アイドルマスターシンデレラガールズIF 〜シンデレラの絵本〜 作:松前正樹
いつもの如く趣味全開なのであしからず。
私は今日という日を特別には感じていなかった。
学校は夏休みで、仕事は一日オフ。意図せずして久しぶりの丸一日休みの日を手に入れたわけだけど、ここぞとばかりに予定を詰め込んでいて正直休みの気が全くしない。
でも、こんな日もたまにはいいだろう。一日中家でハナコと戯れるというのもとても魅力的だけど、今日はまた別の楽しいことが待っている。

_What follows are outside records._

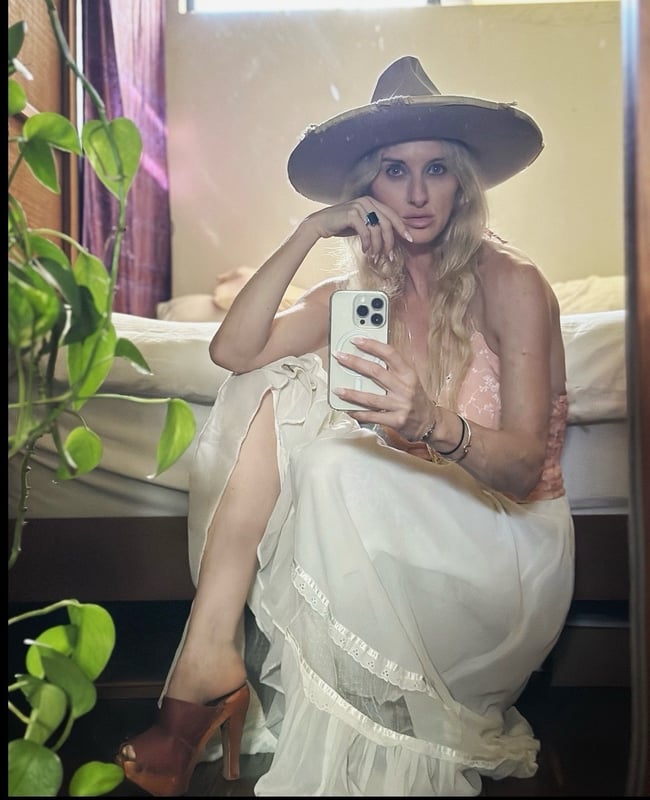 70s Gunne Sax voile maxi skirt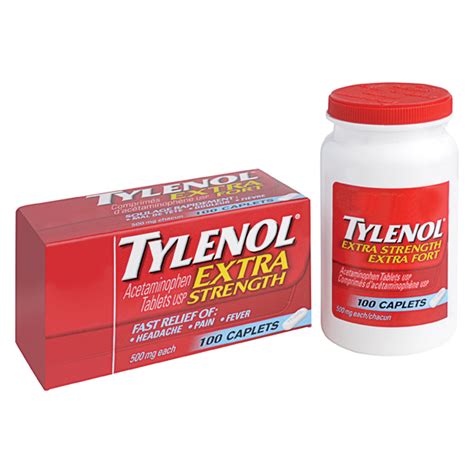 Tylenol Acetaminophen Extra Strength Tablets | Grand & Toy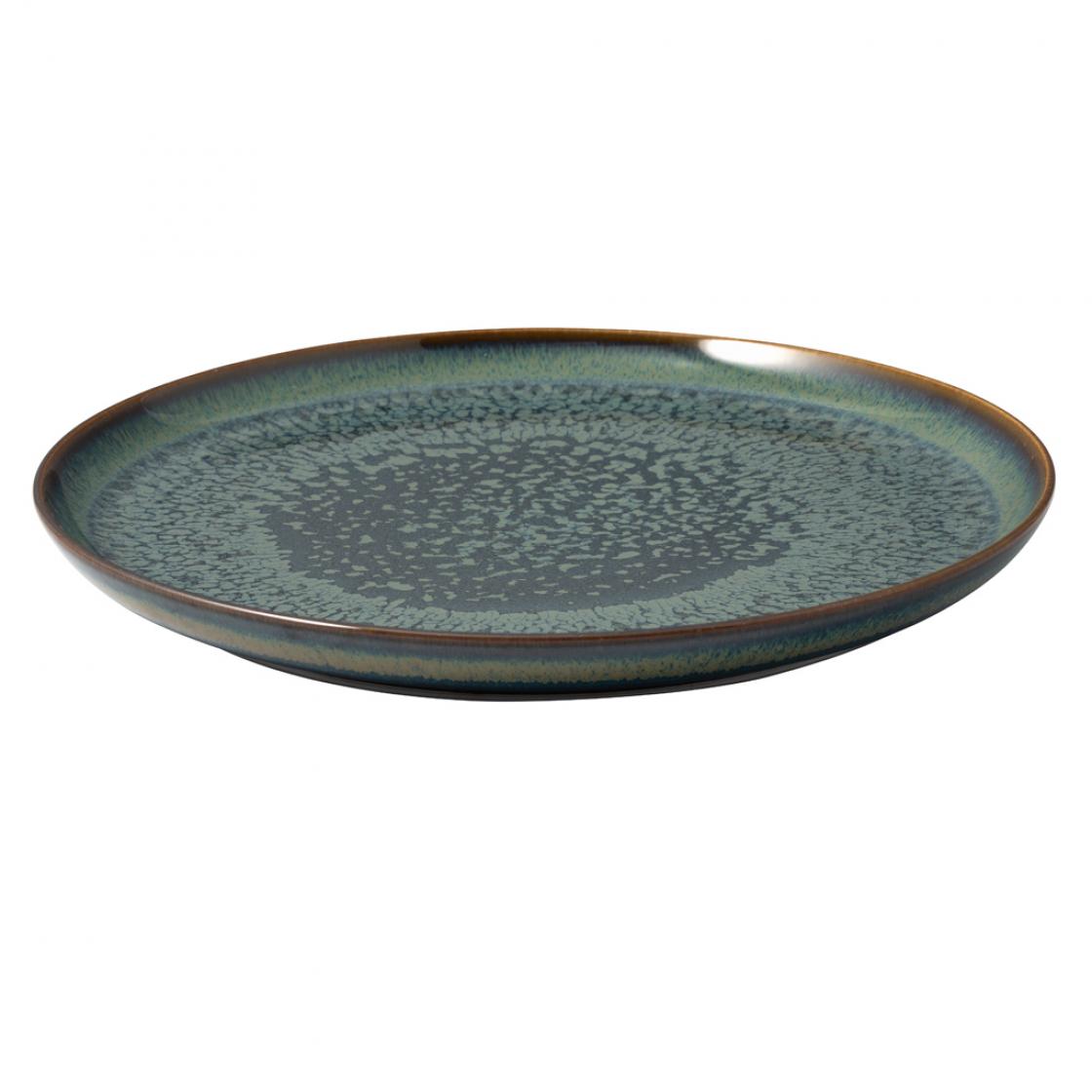 Villeroy & Boch Тарелка для завтрака 21 см, серо-синяя Crafted | https://grandposuda.com.ua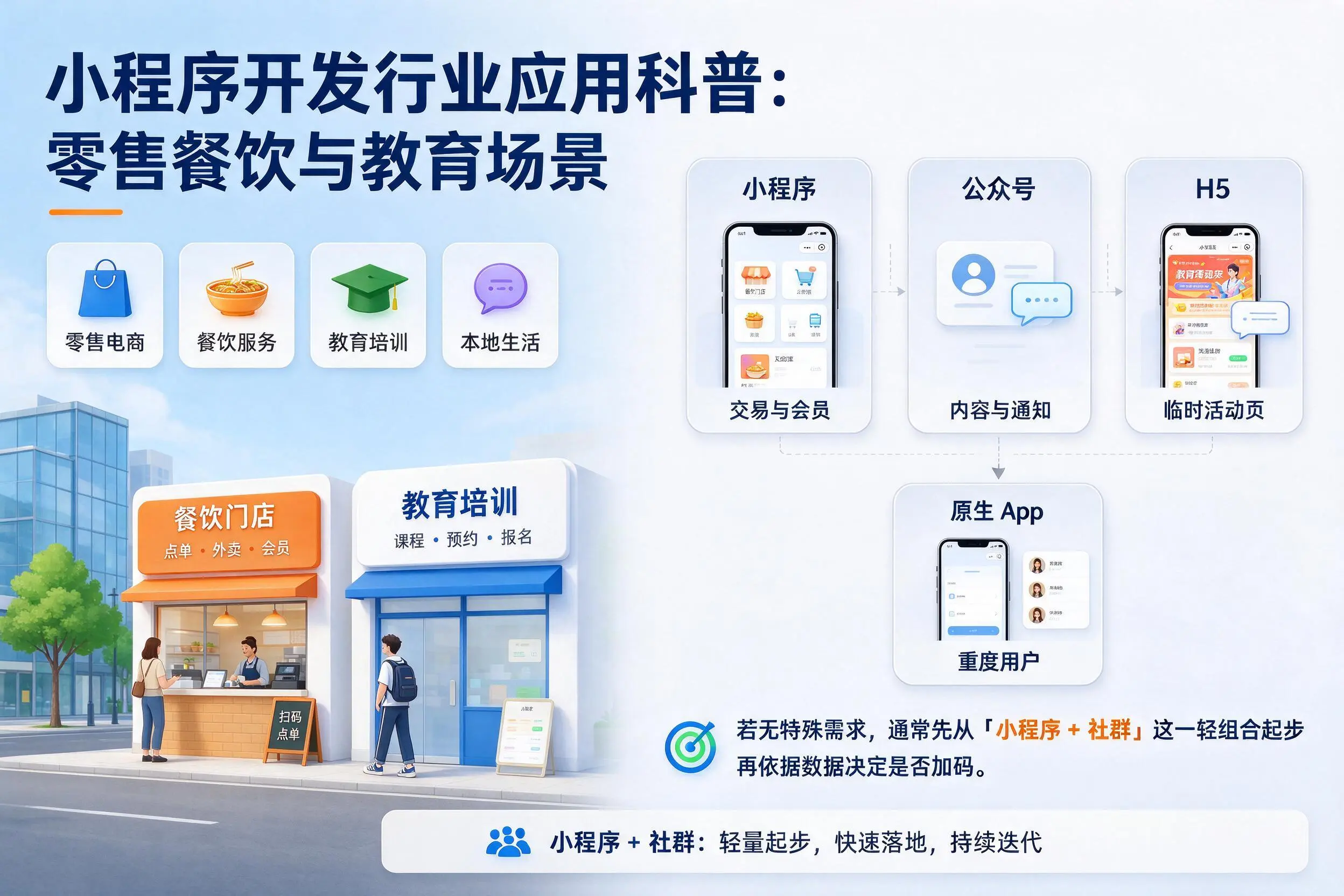 嘉峪关小程序开发行业应用科普：零售餐饮与教育场景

外は灼熱のコンクリートジャングルだ。夏真っ盛りのこの季節は、やっぱり涼しい薄着に限る。いつも袖を通す学生服はハンガーに掛け、ラフな感じの服をクローゼットから引っ張り出す。
「こんなもんか……」
鏡の中の私はとてもアイドルとは思えないほど地味だったけど、まあ休日だし許されるだろう。今日の私は街にいる普通の女の子なんだから。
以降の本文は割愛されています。